New software developed at Stanford University promises to improve the efficiency of cloud systems by using an algorithm modeled on Netflix’s recommendation engine. According to experts, this innovation needs a lot of work before it can become a viable solution.
After realizing that servers use about 20 percent of their capacity on most workloads, associate professor Christos Kozyrakis and doctoral student Christina Delimitrou came up with a cluster management system that would optimize server capacity, according to a report from the Stanford News. In theory, this would accelerate processing cycles and lower server time, which would also lead to money and energy savings.
This is a potentially great innovation, because host processing can be wasteful. Developers reserve server space in advance by guessing how much they will need, often buying extra to avoid slowdowns. As a result, large parts of servers go unused. But it’s like reserving a room for an open-invitation party: You plan on the highest possible attendance, not on the number of people that would perfectly fit in the space.
The Quasar Method of Cloud Efficiency
Stanford’s Quasar program promises a better way. It identifies app types and assigns them to a minimum number of servers capable of multitasking. It does this by figuring out apps that run best together within the server. This is important because apps often don’t work well together at all. For example, data mining and web-search calculations likely use different parts of a server.
Quasar assigns servers differently. It performs “performance-based allocation” of data resources, where developers determine the performance level their apps require, according to the Stanford News story.
For instance, if an app involves queries from users, how quickly must the app respond and to how many users? Under this approach the cluster manager would have to make sure there was enough server capacity in the data center to meet these requirements.”
Quasar uses collaborative filtering to filter how apps perform with certain types of servers. This filtering is similar to what Netflix uses to recommend movies, based on a member’s viewing history.
Independent analysis has already revealed that the process optimizes server performance, which advocates say could reduce the energy used to run servers.
Quasar’s Not Perfect
There are potential problems with the Quasar model. Wolf Halton, co-author of Computer and Internet Security, says that even if optimized servers reduce power by two-thirds, increased performance usage will “increase the heat produced by the servers and so will increase the cost of cooling the servers.”
Since most data centers inefficiently cool server rooms (usually by cooling large-volume swaths that contain smaller servers), power to run a server and cool it over its life span will cost more than owning and feeding a server. More testing regarding this cooling issue is clearly critical.
There are also security and privacy issues to think about. Halton warns that “data may not be effectively segregated and ownership and access issues exist” in this model, just like in other virtualization schemes. This is an important issue for both private and public hosts.
“If two or three times as many users’ data and processes are on any given server in the farm, then [there is] two or three times the probability of malicious code appearing on any given server,” Halton says.

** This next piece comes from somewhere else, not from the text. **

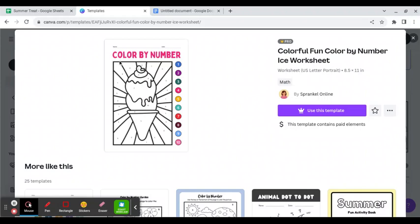For this, I would delete the color by number at the top and put my directions for students. Then the side, which is the part I really love, tells me the number and the color, which saves me a lot of time. I'm not trying to figure out what would look good on this picture.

Developers should be thinking about improving security features that catch up to this potentially higher pace.
How Innovative Is Quasar, Really?
There’s a potential problem with assuming that collaborative filtering uses average app performance as the only expected performance level.

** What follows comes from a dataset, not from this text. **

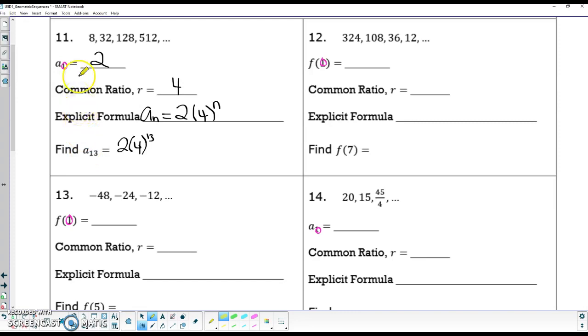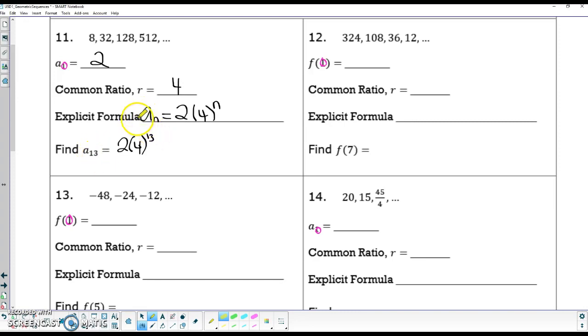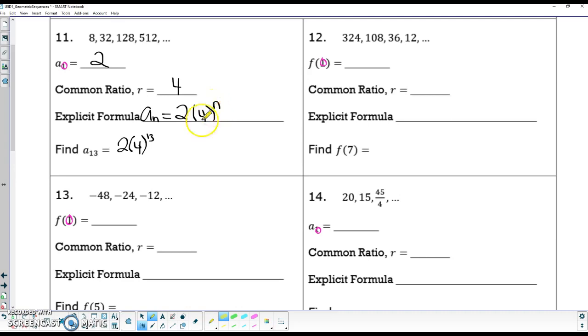Like number 11 on our assignment, we are going to try to find the 13th term. I have already written the explicit formula. 2 is our zero term, so 2 is in front. 4 is our common ratio, and then the n is our exponent, and in this case it's the 13th term.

“I do not see how [filtering] gives you all that much better a usage level. Test loads may be less-than-accurate representations of reality,” he says
In addition, this new model may not be much of an improvement on models already available. Burst capability features allow sites to maximize uptime and coolly handle traffic peaks. The Linux kernel task scheduler is one such system, as are OpenVZ for virtualization and ProxMox VE and KVM virtual machines.

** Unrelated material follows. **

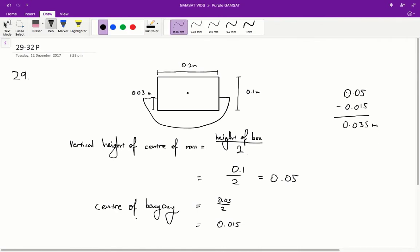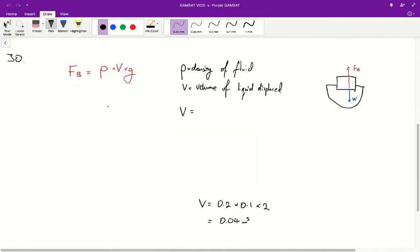Therefore, for question 29, D is the correct answer. Question 30: what is the density of the log? The density of the log is best figured out by looking at all the forces acting on the log. We have two forces: an upwards buoyancy force Fb and a downwards weight force. We know that the buoyancy force is equal in magnitude to the weight force, because the log is at equilibrium — it's unmoving.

Besides the Quasar model, other possible resource schemes could improve server efficiency. Monitoring server usage patterns more closely and automating resource release at the moment projects end are two such schemes.
“I see a lot of servers in data centers that are just running because there is no policy to release computing resources when they are no longer in use and servers that are running past their operating system end of life,” Halton says.
Instead of waiting for a perfect new scheme that will solve the server efficiency problem, it seems developers have a lot of work to do — on themselves and on their efficiency guidelines.